Dieses Tränenwunder verbreitete sich dann wie ein Lauffeuer über die westliche Welt, Christen aller Herren Länder kamen, um zum Gegeißelten Heiland zu beten. Mehr und mehr Pilger und Wallfahrer kamen, um in tiefer Gläubigkeit das Bildnis des Heilands zu verehren. Dies machte den Bau einer kleinen Feldkapelle notwendig. 1744 wurde die Erlaubnis eingeholt, in dieser Kapelle die Messe zu feiern, womit die Wallfahrten den offiziellen Segen der Kirche erhielten.
Wallfahrt heute
Nun so will ich alles lassen,
auf die Wies zu Jesus geh‘n,
mich begeben auf die Straßen
und mit Freuden ihn anseh‘n.
Schönster Jesus auf der Wies,
der so voller Gnaden ist.
(Auszug aus einem alten Wallfahrtslied aus Franken)

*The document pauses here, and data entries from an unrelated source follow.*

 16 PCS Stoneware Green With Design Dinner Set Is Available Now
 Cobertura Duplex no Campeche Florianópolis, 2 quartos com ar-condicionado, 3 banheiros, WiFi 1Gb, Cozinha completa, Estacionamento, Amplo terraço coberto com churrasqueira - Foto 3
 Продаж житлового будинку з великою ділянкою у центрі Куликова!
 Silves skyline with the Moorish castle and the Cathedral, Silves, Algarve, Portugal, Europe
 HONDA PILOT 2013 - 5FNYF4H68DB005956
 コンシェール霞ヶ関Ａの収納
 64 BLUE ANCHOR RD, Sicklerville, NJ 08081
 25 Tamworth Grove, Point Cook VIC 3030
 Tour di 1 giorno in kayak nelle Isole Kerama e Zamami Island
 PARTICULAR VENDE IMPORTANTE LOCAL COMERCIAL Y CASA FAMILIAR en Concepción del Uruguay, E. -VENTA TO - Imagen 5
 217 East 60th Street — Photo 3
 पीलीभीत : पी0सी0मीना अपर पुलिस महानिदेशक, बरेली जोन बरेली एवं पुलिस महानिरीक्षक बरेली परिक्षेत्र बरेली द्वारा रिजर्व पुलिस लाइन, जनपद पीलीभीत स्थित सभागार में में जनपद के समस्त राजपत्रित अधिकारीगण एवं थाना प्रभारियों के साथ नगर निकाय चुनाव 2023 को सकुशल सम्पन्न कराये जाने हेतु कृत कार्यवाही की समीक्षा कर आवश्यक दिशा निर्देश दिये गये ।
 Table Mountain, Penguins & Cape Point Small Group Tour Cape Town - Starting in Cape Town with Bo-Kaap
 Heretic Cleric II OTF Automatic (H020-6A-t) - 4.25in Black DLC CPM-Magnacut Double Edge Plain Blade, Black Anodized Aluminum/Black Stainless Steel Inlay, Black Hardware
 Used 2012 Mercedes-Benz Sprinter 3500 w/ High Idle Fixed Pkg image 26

Richtig erleben kann man die Wieskirche am besten zu Fuß – man muss sie sich erwandern, eben wallfahren. 20 Minuten oder 2 ½ Stunden – ganz individuell lässt sich der Weg nach eigener Konstitution planen (im Winter sind die Wege z. T. nicht begehbar). Nach vorheriger telefonischer oder schriftlicher Anmeldung ist es möglich, mit einem Priester die Heilige Messe zu feiern. Vorschläge für die Gestaltung eines Wallfahrtsgottesdienstes werden gerne unterbreitet. Auch eine eigene Wallfahrtsandacht kann – nach vorheriger Anmeldung – gehalten werden. Diesbezügliche Fragen werden unter der Tel.-Nr. 08862-93293-0 gerne beantwortet.

Jeden Dienstag, Mittwoch und Samstag wird um 10 Uhr eine Wallfahrtsmesse gefeiert. Am Sonntag sind die Gottesdienste um 8.30 und 11 Uhr.
Das „Fest der Tränen Christi“ wird jedes Jahr am Sonntag nach dem 14. Juni im Andenken an das „Tränenwunder“ mit einem Festgottesdienst gefeiert. Es stellt neben dem „Schutzengelfest“, welches an jedem ersten Sonntag im September und dem „Bruderschaftsfest“, welches an jedem zweiten Sonntag im Oktober gefeiert wird, eines der großen Wiesfeste dar. An diesen Sonntagen wird nur eine Heilige Messe gefeiert, nämlich um 10.00 Uhr.
Kirche „In der Wies“
„Hoc loco habitat fortuna, hic quiescit cor“ An diesem Ort wohnt das Glück, hier kommt das Herz zur Ruhe – so steht es in einem Fenster des Prälatensaales der Wies. Ruhe suchen, Ruhe finden, Ruhe zulassen. Ruhe als Ausdruck des Berührtseins, ehrfürchtige Ruhe für dieses besondere Gotteshaus, für die besondere Ausstrahlung dieses Heiligtums, Ruhe, die alle Saiten der Seele zum Schwingen bringt, Ruhe im Ankommen an einem Ort, wie er kaum schöner sein kann auf dieser irdischen Welt. Der Besucher steht und staunt über die Herrlichkeit und lauscht hinein in diese reiche Bilderwelt, welche ein Programm der Barmherzigkeit Gottes entwirft.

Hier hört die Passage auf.